Kim Jong-Un to Visit South Korea in ‘Near Future’

The Associated Press
The Associated Press

North Korean dictator Kim Jong-un’s third summit meeting with South Korean President Moon Jae-in, held in the North Korean capital of Pyongyang, produced an offer on Wednesday for Kim to visit South Korea “in the near future.”

Moon said at a joint press conference with Kim that he expected the North Korean leader to make a historic visit to the South as part of his “firm commitment to exert active efforts to make the Korean Peninsula free of nuclear weapons and nuclear threat and turn it into a land of peace.”

Moon laid out a number of cooperative projects and diplomatic exchanges between the North and South, including rail and road projects, reactivating the Gaesong Industrial Complex, restoring the tourist industry at Geumgangsan Mountain, and coordinating environmental and medical services.

Geumgangsan Mountain’s tourist industry was once a reliable source of hard currency for the North Korean regime, good for at least $40 million a year. Kim Jong-un has long dreamed of luring foreign investment to build more resorts in the area. South Korean tourism halted in 2008 when the North Koreans killed a visitor who wandered into an “off-limits” area. Reviving the industry has been a constant objective of Pyongyang’s diplomacy during the decade since then. Seoul responded by asking for assurances that tourists will not be taken hostage or murdered.

Moon concluded his list of joint projects and exchanges by noting that an art troupe from North Korea is due to visit Seoul in October. The South Korean president hinted that Kim would be welcome to join them.

“The ‘Coming of Autumn’ performance will bring South and North Korea even closer. I invited Chairman Kim Jong Un to visit Seoul, and Chairman Kim agreed to come before long,” Moon said.

“Here, ‘before long’ has an implication that it would be within this year barring extraordinary circumstances,” he clarified. “Chairman Kim’s visit to Seoul would be the first by a North Korean supreme leader, and it is expected to become a monumental milestone in inter-Korean relations.”
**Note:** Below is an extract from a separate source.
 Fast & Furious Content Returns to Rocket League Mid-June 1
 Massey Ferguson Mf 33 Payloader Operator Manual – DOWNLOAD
Moon and Kim are scheduled to conclude their summit with a joint visit to Mount Paektu on Thursday. Paektu is a volcanic mountain with a lake in its crater that is sacred to North Korea because the ruling Kim family’s bloodline is said to have originated there.

The Washington Post was a bit underwhelmed by these developments, pointing out on Tuesday that “very little of substance” has been announced during the Moon-Kim summit, not even a tentative date for Kim’s historic visit to South Korea.

Crucially, the summit has not produced the sort of firm commitments from North Korea that would entice U.S. President Donald Trump to arrange a second meeting with Kim, a meeting the dictator has expressed a strong desire to hold. President Moon was very much hoping Kim would offer such commitments to keep the diplomatic ball rolling.

Moon, on the other hand, appeared willing to set aside concerns about the inhuman evil of the North Korean regime and play along with Kim’s pretense that his country just needs a new coat of paint to look presentable:

Moon and Kim drove through the streets, past more cheering crowds chanting “Unification! Unification!” They started in separate cars before joining each other in a single open-top car, Moon saluting the crowds enthusiastically and beaming broadly.

He later said he was surprised to see how developed Pyongyang was. There was no hint of concerns about its human rights record.

“I could see Chairman Kim’s leadership and accomplishment in his attempt to improve the lives of the people through developing science and the economy,” Moon said at the dinner.

Kim appeared marginally more grounded in reality as he escorted Moon to his lodgings at a state guesthouse earlier in the day.

“Mr. President visits many countries around the world. Compared with developed countries, we are a bit shabby,” Kim said, according to a pool report, adding that although the accommodation and itinerary might be “subpar,” they were presented “with our best sincerity.”

The North Koreans put on a great show of friendship, waving flags that showed a unified Korean Peninsula and tossing flowers at Moon, who was visibly moved by the reception he received. He was also the first visiting dignitary to be personally received at the Pyongyang airport by Kim Jong-un since he came to power.

Moon said before departing that his objective was to achieve “irreversible, permanent, and unwavering peace, regardless of what might happen on the global arena.” Symbolic gestures are a necessary but insufficient step in that direction. Joint events can be easily canceled, and cooperative projects between the two Koreas have been dismantled in a matter of hours. The larger military “buffer zone” agreed to by Moon and Kim is a minor tweak to the uneasy truce that has held for six decades.

President Trump has expressed his approval of the process so far, but it has yet to reach a meaningful destination. A landmark visit to Seoul in the very near future would give Kim Jong-un an opportunity to make some real history.